Benjamin C. Bradlee, the legendary longtime editor of The Washington Post, who died Tuesday at age 93, was not necessarily known for being deeply interested in how his newspaper covered education policy.
After all, he had grown up a Boston Brahmin, living a relatively privileged life of private boarding schools and Harvard College (though not without personal hardships brought on by the Great Depression and a bout with polio).
“Half a century later boarding schools like St. Mark’s [which Bradlee attended] seem hard to explain, especially the single-sex boarding schools,” Bradlee wrote in his 1995 memoir, A Good Life. “Parents feel guilty about sending little Johnny away for the better part of such important years. And little Johnny is in no hurry to swap the permissive attitudes of today’s culture for the isolated discipline of a boarding school. The education provided was top of the line, but the education not provided—about race, poverty, anti-Semitism, crime, anything remotely counter-cultural—was extensive.”

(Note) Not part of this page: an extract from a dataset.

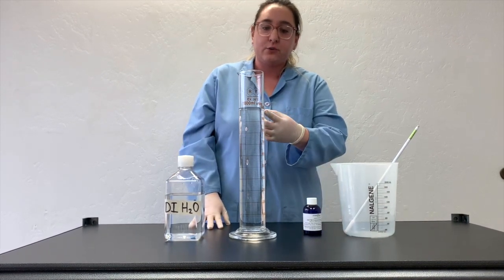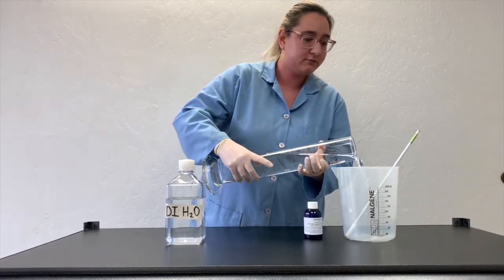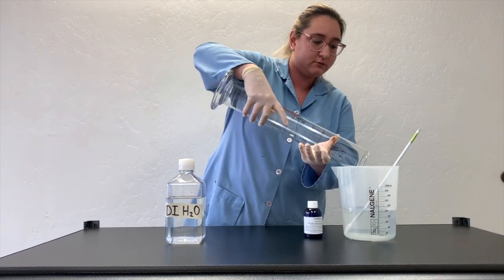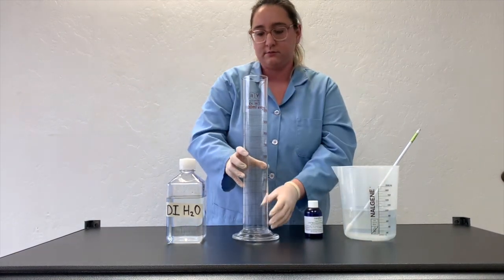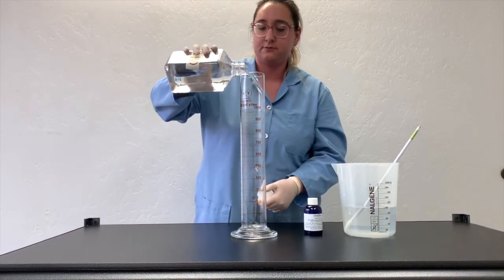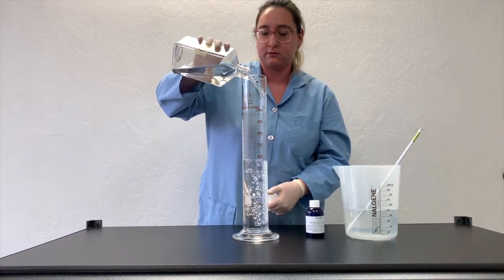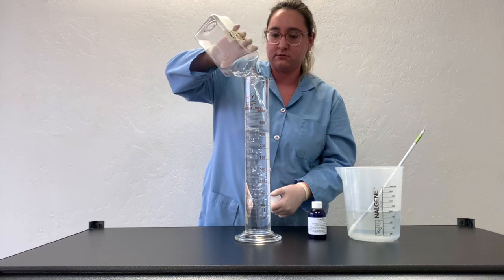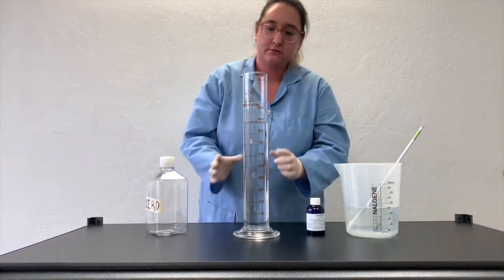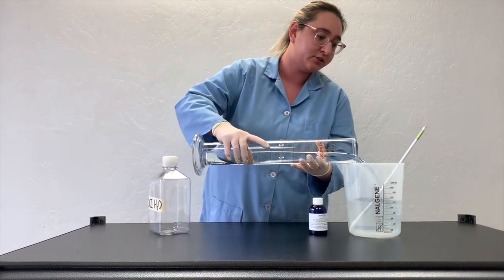Here I already have 1,000 milliliters of water prepared. Now we add 900 milliliters more, giving you a total of 1,900 milliliters of water.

Jay Mathews, the Post‘s veteran education columnist, recalled on Wednesday that Bradlee, as managing editor and executive editor from 1965 until 1991, made several contributions to how the paper covered the topic at the local and national level.
“I think the biggest contribution that Ben made to our education reporting was to see clearly and early that we had to expand it deep into the suburbs,” Mathews said in an email to me. “When I arrived at the Post in 1971, my first job was reporting night school board and county council meetings in the Virginia suburbs. He pushed us to establish bureaus in each of the suburbs, rather than sit in the small press rooms of the county or city administration buildings, and get deep into local school issues as far away as Loudoun, Prince William, Frederick and St. Mary’s Counties.” Those are outlying counties in the Washington metropolitan area.

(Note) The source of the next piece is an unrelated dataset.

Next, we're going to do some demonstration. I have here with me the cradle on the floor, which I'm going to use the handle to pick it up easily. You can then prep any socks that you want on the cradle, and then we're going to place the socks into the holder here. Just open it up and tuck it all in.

Soon enough, California native Mathews would become the Post‘s correspondent in China and later its Los Angeles bureau chief and its financial reporter in New York City. While holding those posts, Mathews maintained an interest in writing about education. He wrote his acclaimed book about the educator Jaime Escalante (which led to the film “Stand and Deliver”) while reporting from Los Angeles, and he wrote Class Struggle: What’s Wrong (and Right) with America’s Best Public High Schools, while in the New York City posting.
Bradlee “departed from the standard newspaper practice of being restrictive about what reporters wanted to do beyond daily journalism,” Mathews told me. “Those of us who wanted to write books were encouraged to do so, rather than get warnings that we better not neglect our newspaper duties or scoop the paper. This remarkable openness to personal enterprise allowed me to start being an education reporter long before that was my assignment at the Post.”
Mathews said the Escalante and Class Struggle book projects “helped me to realize that newspaper education reporters would do better to break out of obligations to cover school board meetings and get inside classrooms. That is what the Post let me do, in the spirit of Ben’s culture of letting reporters follow their instincts, when I finally became a Post local education reporter in 1997, at age 52.”
“I am proud, like many others, to say he hired me,” Mathews said. “But it was his impatience with old rules that really made the paper go.”
My colleague Lesli Maxwell, whose husband, J. Freedom du Lac, writes for the Post, points out that few American youngsters will ever know a newspaper editor as well as most everyone in the country knew Ben Bradlee of The Washington Post during the Watergate era. (Sadly, few American youngsters will probably ever be as familiar with a daily newspaper as well as earlier generations.)
When I moved to Washington in 1988, I lived in Georgetown with other young professionals in what is known locally as a “group house"—a nice rowhouse none of us could afford on our own.
I would see Ben Bradlee and his wife, Post Style section writer Sally Quinn, walking the streets around their home, just a couple of blocks from mine. Post Publisher Katharine Graham and legendary Watergate reporter Bob Woodward lived in the neighborhood, too. It was remarkable to see these figures who were so prominent in an important chapter of American history going about their daily lives just a block or two from my door.
Knowing his reputation for being gruff, I never bothered Bradlee when I saw him walking in the neighborhood. But it was nice to be able to come home and tell your roommates you nodded “hello” to the last of the great American newspaper editors.